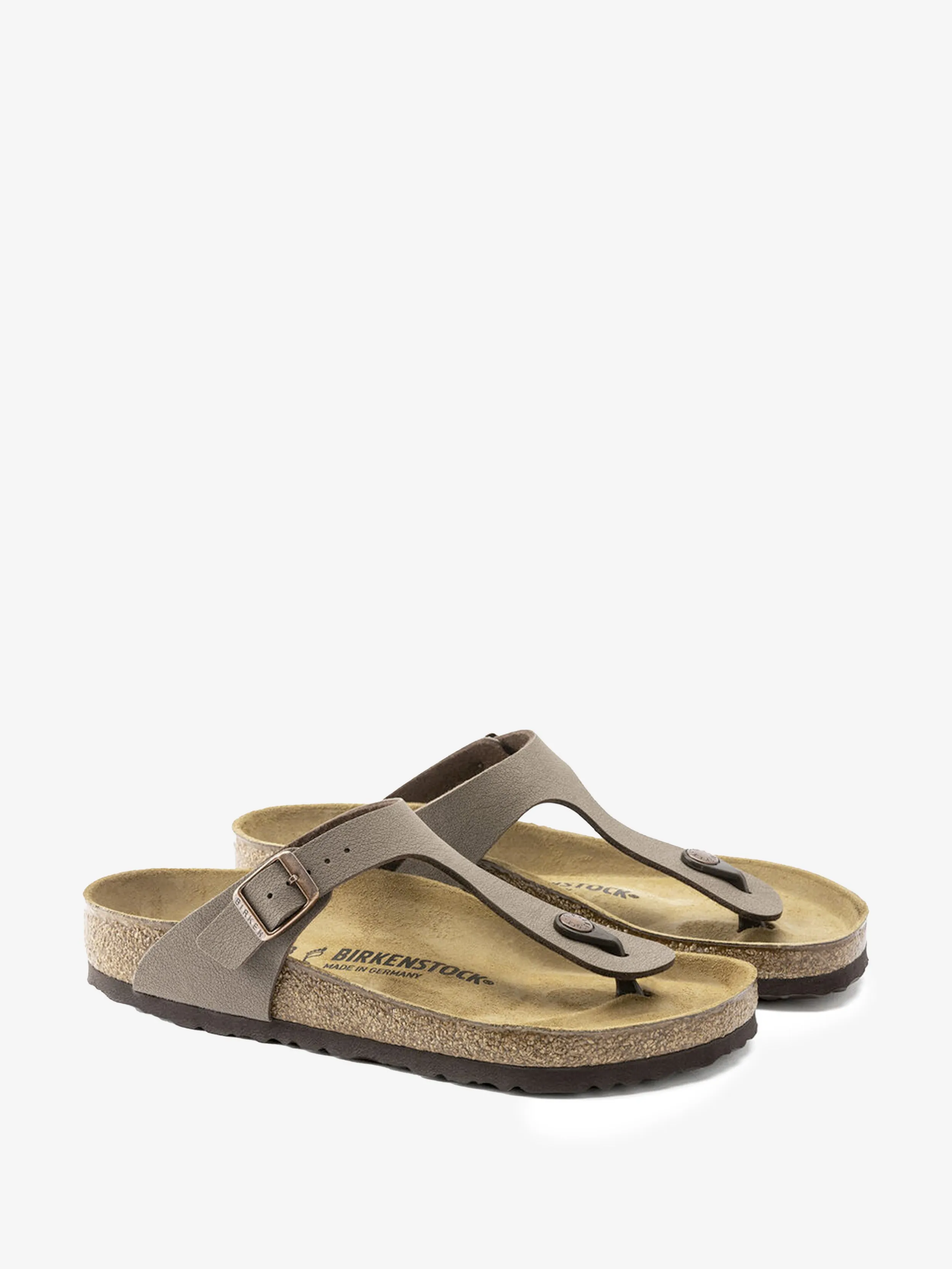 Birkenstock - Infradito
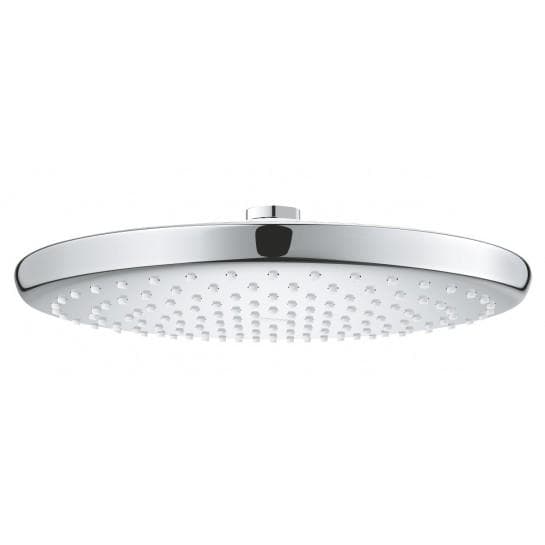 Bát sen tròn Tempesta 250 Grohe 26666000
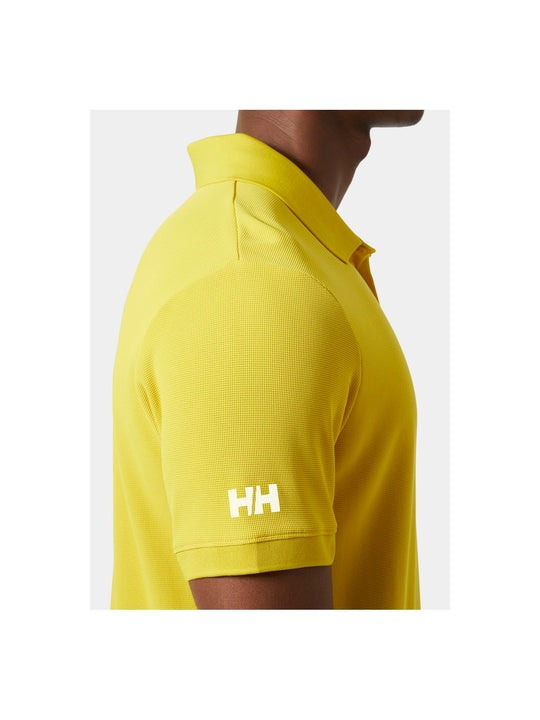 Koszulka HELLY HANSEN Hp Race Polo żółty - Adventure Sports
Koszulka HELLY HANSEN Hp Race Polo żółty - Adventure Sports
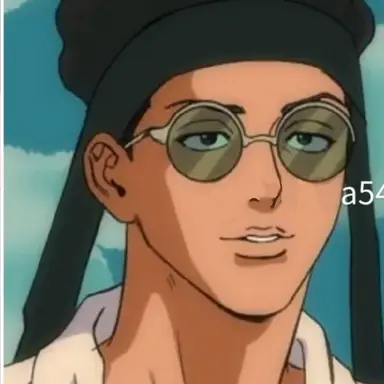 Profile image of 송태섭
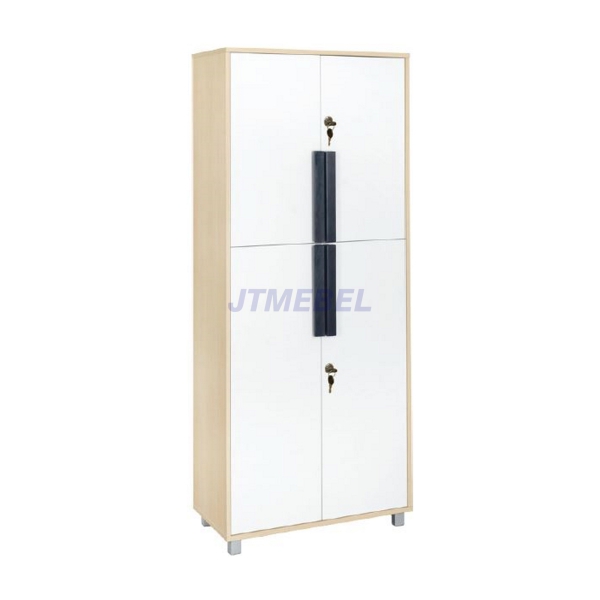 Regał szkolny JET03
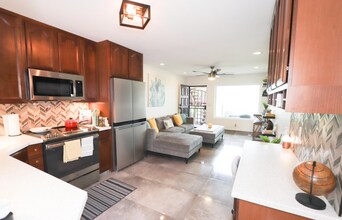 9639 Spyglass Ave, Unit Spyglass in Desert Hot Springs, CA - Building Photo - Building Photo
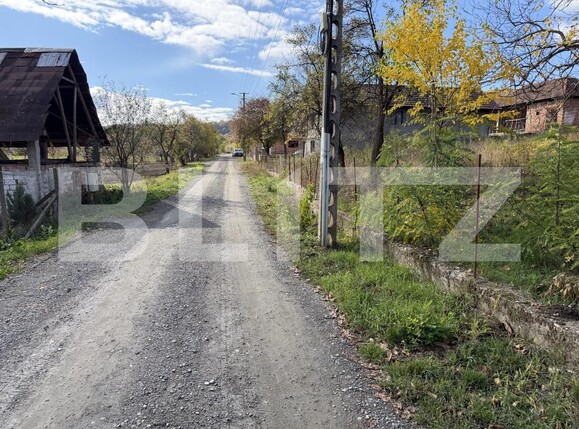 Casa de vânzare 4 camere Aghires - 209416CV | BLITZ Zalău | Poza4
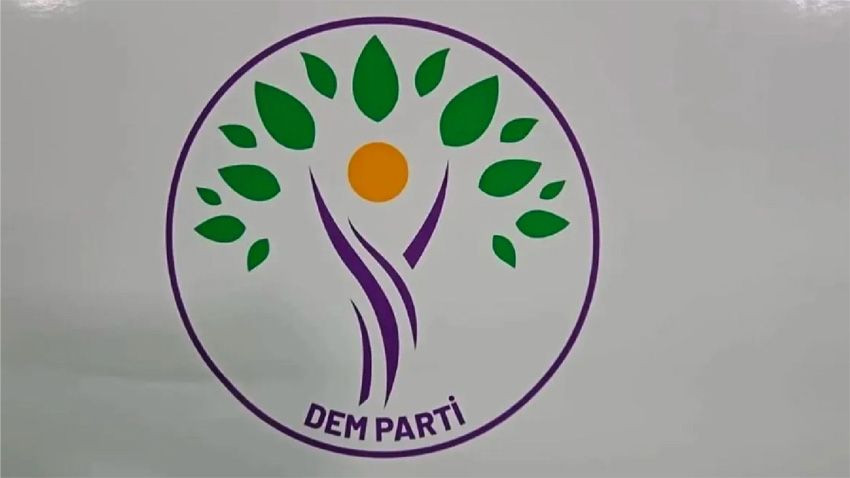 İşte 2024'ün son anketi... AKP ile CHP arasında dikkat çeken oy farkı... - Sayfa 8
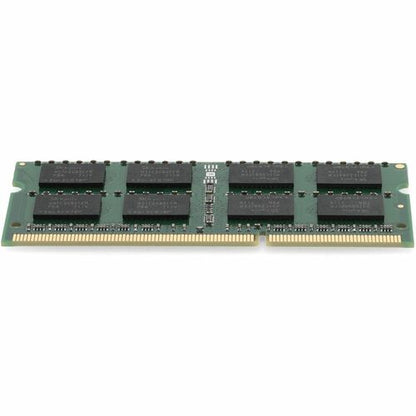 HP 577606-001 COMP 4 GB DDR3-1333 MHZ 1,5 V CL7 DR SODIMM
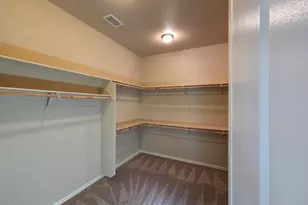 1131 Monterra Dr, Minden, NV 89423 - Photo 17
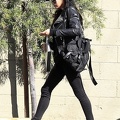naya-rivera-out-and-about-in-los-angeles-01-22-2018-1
····················
(Your instructions) Give the entries back verbatim and omit the images.

(Completed task)
 Birkenstock - Infradito
 Bát sen tròn Tempesta 250 Grohe 26666000
 Koszulka HELLY HANSEN Hp Race Polo żółty - Adventure Sports
Koszulka HELLY HANSEN Hp Race Polo żółty - Adventure Sports
 Profile image of 송태섭
 Regał szkolny JET03
 9639 Spyglass Ave, Unit Spyglass in Desert Hot Springs, CA - Building Photo - Building Photo
 Casa de vânzare 4 camere Aghires - 209416CV | BLITZ Zalău | Poza4
 İşte 2024'ün son anketi... AKP ile CHP arasında dikkat çeken oy farkı... - Sayfa 8
 HP 577606-001 COMP 4 GB DDR3-1333 MHZ 1,5 V CL7 DR SODIMM
 1131 Monterra Dr, Minden, NV 89423 - Photo 17
naya-rivera-out-and-about-in-los-angeles-01-22-2018-1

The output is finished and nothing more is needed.